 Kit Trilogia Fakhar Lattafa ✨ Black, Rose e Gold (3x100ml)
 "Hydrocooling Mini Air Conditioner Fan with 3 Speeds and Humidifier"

--

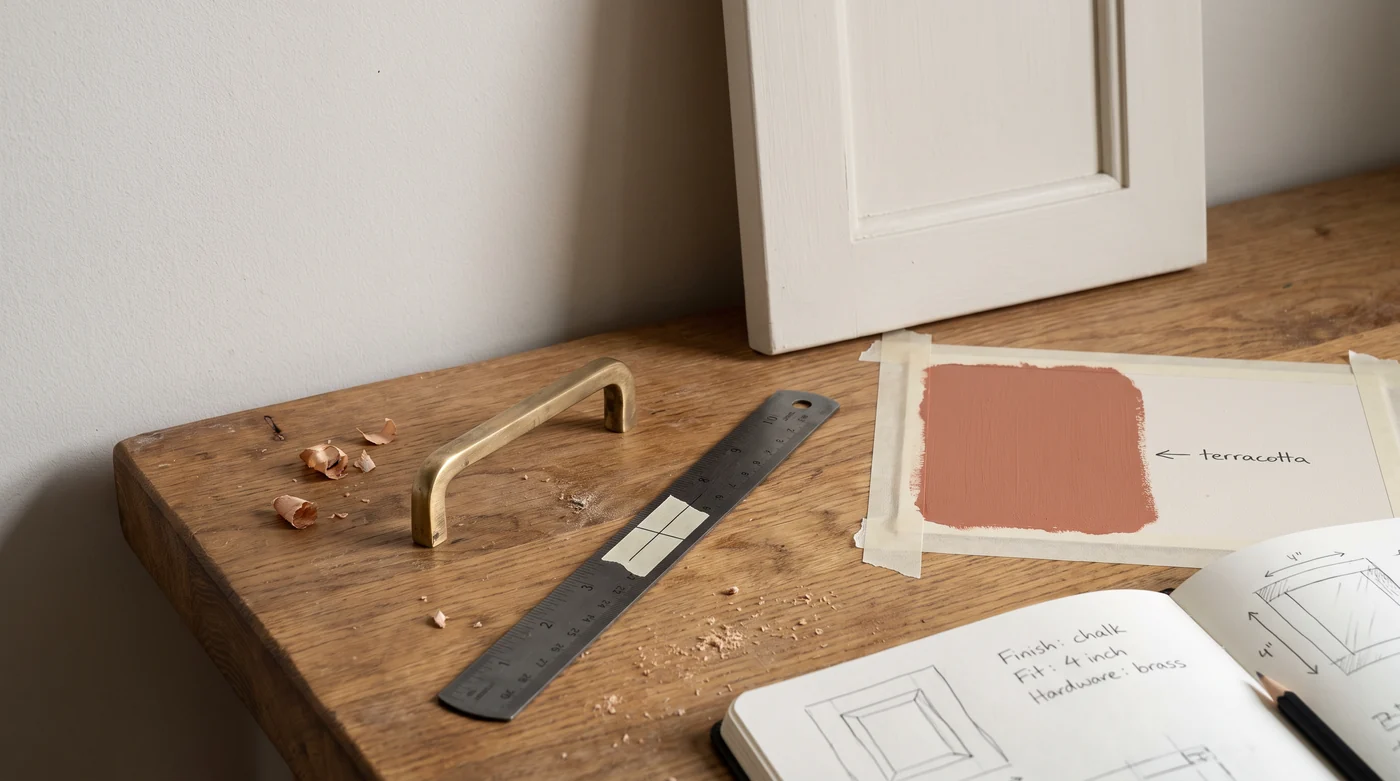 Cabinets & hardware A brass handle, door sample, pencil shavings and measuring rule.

* * *

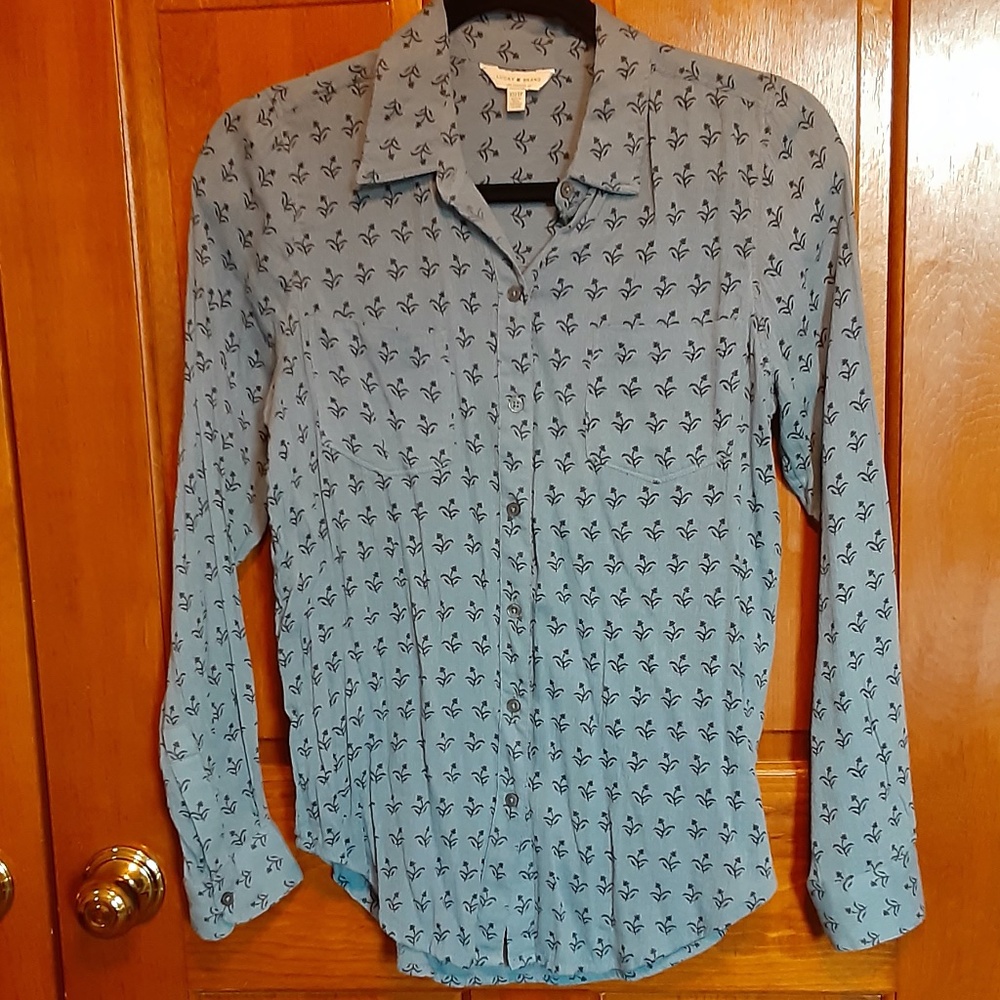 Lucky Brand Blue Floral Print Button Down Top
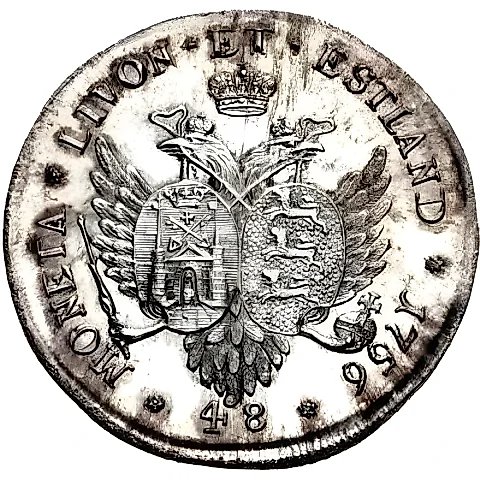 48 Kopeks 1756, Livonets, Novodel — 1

**WHAT THE TASK REQUIRES:** Using the data above, reproduce exactly the lines from the line that contains "Kit Trilogia Fakhar" through the line that contains "Mini Air Conditioner", including both.

**COMPLETED EXERCISE:**
 Kit Trilogia Fakhar Lattafa ✨ Black, Rose e Gold (3x100ml)
 "Hydrocooling Mini Air Conditioner Fan with 3 Speeds and Humidifier"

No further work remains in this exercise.